Non solo decreti leglislativi. Il Governo, nel comunicato stampa del Consiglio dei Ministri, ha reso noto come sta investendo il miliardo di euro stanziato con la Legge italiana sull’Intelligenza artificiale approvata lo scorso anno (Legge n. 132 del 2025).
CDP Venture Capital ha già allocato oltre 300 milioni di euro a favore di iniziative AI, sostenendo più di 150 start-up e coinvolgendo circa 20 fondi gestiti da SGR terze.
Tra di queste c’è il Polo SophIA, nato quest’anno con una dotazione iniziale di 30 milioni di euro.
Cos’è SophIA
SophIA non è un nuovo modello di intelligenza artificiale né una piattaforma software. È un polo di trasferimento tecnologico.
La funzione è accompagnare il passaggio dalla ricerca al mercato, sostenendo start-up deep tech e imprese innovative nei settori dell’AI e della cybersicurezza. In altre parole, il polo dovrebbe servire a trasformare competenze scientifiche, risultati della ricerca e tecnologie avanzate in prodotti, servizi e aziende capaci di competere sul mercato.

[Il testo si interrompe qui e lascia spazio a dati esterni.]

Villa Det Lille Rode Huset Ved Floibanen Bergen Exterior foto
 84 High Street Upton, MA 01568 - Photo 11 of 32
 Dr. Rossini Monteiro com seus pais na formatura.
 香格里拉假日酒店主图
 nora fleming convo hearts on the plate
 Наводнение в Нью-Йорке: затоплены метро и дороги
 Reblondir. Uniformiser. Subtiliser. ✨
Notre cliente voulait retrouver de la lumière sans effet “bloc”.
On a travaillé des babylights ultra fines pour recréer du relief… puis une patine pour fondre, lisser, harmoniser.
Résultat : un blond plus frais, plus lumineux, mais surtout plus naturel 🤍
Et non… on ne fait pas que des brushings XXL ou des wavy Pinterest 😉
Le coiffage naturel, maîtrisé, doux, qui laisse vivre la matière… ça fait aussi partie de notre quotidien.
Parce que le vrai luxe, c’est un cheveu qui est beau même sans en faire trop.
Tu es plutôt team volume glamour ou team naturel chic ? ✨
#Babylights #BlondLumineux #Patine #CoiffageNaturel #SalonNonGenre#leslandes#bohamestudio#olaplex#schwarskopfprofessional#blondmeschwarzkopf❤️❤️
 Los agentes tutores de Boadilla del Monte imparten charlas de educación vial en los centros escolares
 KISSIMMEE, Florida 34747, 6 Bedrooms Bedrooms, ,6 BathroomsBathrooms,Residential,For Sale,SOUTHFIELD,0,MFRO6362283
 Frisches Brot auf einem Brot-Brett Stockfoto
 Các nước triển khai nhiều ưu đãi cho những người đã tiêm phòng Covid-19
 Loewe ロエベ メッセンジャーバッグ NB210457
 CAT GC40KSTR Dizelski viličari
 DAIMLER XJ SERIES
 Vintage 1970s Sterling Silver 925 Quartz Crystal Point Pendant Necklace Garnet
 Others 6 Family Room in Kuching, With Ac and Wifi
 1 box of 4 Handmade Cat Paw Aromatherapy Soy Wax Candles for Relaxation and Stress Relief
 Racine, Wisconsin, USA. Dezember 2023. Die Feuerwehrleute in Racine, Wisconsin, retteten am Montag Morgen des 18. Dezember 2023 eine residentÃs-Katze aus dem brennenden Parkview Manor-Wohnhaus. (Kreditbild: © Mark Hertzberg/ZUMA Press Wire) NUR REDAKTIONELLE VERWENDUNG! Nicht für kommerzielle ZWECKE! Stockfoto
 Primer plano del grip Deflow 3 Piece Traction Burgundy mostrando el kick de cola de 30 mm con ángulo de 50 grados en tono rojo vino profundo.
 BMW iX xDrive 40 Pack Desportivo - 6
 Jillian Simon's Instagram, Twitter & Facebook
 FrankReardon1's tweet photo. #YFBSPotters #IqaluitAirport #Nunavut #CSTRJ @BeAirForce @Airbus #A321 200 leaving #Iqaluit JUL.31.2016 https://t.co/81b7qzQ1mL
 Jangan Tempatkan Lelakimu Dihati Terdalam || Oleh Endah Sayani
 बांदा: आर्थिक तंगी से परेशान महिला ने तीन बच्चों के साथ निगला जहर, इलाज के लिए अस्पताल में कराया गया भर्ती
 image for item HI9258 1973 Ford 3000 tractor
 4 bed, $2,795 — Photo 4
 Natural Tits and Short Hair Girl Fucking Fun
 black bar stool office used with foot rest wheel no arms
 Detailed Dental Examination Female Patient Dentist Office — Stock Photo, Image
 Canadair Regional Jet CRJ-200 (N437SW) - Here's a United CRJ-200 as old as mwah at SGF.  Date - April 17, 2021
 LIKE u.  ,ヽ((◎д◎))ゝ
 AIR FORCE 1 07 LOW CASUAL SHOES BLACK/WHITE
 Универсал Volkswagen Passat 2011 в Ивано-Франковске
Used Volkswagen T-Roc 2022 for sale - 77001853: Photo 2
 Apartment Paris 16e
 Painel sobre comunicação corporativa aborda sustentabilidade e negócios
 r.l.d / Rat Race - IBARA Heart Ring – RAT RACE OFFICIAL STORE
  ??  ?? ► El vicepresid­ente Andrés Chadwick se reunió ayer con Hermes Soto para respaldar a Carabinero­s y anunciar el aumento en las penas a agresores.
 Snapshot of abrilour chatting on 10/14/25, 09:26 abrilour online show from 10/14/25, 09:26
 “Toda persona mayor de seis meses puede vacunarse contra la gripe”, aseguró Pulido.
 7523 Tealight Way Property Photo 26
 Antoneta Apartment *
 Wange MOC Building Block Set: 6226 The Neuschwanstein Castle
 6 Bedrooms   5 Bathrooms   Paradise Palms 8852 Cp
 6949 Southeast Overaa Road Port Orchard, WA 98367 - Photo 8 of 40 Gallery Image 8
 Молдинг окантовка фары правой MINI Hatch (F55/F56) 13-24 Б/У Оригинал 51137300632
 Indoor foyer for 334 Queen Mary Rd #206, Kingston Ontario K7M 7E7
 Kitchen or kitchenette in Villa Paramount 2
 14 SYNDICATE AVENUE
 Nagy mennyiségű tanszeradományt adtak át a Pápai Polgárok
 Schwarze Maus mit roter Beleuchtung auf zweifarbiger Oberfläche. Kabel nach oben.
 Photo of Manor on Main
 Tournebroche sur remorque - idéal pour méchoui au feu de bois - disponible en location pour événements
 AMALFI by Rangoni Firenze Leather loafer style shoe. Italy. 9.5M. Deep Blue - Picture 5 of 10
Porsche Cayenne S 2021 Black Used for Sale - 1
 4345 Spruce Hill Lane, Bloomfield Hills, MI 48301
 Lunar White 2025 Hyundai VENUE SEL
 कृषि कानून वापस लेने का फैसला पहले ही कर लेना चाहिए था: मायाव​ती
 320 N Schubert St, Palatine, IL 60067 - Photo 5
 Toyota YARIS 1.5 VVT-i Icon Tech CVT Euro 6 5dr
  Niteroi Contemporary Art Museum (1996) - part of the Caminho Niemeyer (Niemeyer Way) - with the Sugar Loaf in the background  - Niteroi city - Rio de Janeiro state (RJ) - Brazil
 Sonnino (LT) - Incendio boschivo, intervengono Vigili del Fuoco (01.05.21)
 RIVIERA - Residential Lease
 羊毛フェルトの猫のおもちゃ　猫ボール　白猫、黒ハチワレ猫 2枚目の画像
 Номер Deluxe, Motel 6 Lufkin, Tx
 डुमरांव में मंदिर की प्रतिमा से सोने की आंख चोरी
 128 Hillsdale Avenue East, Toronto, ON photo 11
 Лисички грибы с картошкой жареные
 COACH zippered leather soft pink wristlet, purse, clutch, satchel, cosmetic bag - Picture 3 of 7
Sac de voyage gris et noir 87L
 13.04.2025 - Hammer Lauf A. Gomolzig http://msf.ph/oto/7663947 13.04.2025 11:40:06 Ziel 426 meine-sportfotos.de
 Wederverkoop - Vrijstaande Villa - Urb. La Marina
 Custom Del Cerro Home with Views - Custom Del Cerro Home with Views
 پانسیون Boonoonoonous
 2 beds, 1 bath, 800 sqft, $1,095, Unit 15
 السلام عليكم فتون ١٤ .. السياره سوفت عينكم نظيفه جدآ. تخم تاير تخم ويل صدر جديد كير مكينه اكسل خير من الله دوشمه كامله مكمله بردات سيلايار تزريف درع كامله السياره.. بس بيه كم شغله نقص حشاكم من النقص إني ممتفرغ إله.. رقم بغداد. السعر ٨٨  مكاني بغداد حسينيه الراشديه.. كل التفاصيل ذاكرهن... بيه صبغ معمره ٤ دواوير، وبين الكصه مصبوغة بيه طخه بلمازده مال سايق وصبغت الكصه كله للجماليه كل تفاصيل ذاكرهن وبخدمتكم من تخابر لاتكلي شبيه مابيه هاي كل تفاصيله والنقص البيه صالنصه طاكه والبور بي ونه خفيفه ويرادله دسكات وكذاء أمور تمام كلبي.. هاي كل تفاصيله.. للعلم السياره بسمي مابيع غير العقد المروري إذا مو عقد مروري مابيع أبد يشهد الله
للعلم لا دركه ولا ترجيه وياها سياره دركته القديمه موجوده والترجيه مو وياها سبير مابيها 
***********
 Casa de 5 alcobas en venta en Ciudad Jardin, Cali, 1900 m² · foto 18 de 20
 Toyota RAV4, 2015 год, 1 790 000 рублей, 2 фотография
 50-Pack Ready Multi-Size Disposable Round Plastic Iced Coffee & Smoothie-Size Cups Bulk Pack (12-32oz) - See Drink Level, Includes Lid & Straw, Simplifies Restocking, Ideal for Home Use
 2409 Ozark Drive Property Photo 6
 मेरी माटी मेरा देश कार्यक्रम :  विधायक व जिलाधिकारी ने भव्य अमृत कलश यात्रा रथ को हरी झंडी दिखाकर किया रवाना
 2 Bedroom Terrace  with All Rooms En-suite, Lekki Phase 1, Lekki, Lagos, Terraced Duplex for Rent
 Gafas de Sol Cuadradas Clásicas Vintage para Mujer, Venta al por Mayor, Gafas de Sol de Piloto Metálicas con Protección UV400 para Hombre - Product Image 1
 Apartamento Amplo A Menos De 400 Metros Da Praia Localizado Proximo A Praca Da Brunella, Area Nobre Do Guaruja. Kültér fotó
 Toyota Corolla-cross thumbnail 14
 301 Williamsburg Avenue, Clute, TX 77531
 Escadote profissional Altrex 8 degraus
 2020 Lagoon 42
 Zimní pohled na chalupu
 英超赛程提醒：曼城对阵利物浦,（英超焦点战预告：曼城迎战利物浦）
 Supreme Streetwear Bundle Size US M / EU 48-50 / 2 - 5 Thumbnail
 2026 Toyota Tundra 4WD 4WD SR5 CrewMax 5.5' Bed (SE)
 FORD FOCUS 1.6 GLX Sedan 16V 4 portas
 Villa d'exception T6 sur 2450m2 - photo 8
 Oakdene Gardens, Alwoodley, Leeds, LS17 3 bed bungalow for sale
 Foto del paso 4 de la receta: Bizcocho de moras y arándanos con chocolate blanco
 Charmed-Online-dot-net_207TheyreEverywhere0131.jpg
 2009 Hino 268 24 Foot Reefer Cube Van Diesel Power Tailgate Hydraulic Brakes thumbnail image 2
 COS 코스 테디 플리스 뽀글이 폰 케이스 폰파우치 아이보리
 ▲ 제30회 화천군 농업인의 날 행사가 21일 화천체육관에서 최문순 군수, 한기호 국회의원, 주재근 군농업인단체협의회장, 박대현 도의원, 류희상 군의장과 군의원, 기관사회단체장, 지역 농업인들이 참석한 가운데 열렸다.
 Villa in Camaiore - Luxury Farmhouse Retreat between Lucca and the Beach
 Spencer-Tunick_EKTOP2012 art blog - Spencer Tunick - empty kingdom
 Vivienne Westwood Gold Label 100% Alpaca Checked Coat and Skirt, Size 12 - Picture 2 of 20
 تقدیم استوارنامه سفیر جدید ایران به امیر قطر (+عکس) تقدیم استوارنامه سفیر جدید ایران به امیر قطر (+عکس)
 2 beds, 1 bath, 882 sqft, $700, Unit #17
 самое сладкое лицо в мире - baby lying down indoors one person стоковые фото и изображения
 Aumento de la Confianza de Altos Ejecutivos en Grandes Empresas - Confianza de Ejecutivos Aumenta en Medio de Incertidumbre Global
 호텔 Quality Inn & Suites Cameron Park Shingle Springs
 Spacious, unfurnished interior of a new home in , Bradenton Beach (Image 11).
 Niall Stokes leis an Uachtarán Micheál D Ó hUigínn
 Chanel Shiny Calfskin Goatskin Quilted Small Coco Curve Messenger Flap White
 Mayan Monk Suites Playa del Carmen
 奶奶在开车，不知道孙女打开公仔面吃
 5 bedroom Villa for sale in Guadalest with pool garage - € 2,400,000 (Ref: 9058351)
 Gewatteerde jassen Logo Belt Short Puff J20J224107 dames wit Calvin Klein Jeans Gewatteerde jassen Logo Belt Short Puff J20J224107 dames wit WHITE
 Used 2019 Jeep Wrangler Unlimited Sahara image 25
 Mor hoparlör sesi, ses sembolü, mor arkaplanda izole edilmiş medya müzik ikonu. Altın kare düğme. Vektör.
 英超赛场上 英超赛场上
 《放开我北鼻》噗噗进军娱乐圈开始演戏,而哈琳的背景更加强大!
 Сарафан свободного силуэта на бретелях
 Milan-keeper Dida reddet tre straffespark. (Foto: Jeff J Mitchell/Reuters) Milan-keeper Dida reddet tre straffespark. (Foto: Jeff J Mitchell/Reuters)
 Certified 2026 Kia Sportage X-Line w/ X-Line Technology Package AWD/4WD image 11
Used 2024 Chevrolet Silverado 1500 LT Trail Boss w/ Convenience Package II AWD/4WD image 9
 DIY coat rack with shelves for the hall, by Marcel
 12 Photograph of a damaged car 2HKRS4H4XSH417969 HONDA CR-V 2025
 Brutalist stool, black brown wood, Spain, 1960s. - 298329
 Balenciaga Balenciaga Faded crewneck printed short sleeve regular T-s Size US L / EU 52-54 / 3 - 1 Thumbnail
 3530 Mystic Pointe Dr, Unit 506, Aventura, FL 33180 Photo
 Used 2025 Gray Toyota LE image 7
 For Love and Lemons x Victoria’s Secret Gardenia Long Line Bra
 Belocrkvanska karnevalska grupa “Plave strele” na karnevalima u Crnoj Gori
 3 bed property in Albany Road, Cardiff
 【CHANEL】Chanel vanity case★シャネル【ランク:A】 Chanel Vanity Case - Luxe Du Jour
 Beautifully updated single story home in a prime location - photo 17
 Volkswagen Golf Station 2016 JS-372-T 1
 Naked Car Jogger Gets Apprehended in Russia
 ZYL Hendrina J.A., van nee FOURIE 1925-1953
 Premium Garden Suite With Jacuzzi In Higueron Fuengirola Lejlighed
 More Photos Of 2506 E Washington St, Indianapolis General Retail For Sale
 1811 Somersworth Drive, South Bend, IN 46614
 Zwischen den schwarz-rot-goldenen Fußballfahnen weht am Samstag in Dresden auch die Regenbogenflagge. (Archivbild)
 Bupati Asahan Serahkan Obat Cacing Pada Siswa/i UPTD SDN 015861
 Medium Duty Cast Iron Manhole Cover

La cybersicurezza è parte centrale del disegno. Il nuovo polo nasce infatti con una doppia specializzazione, AI e cyber, in una fase in cui la sicurezza di infrastrutture digitali, dati, software e modelli è sempre più legata alla competitività industriale.
Fino a 1 miliardo per l’ecosistema AI
Nel documento vengono indicate anche alcune filiere prioritarie già abilitate dagli investimenti: robotica umanoide, guida autonoma, quantum, fotonica per l’high-performance computing e AI verticale. Tra le iniziative citate figurano Generative Bionics, Niulinx, Algorithmiq, CamGraPhIC/2D Photonics, ALLSIDES e Smartness.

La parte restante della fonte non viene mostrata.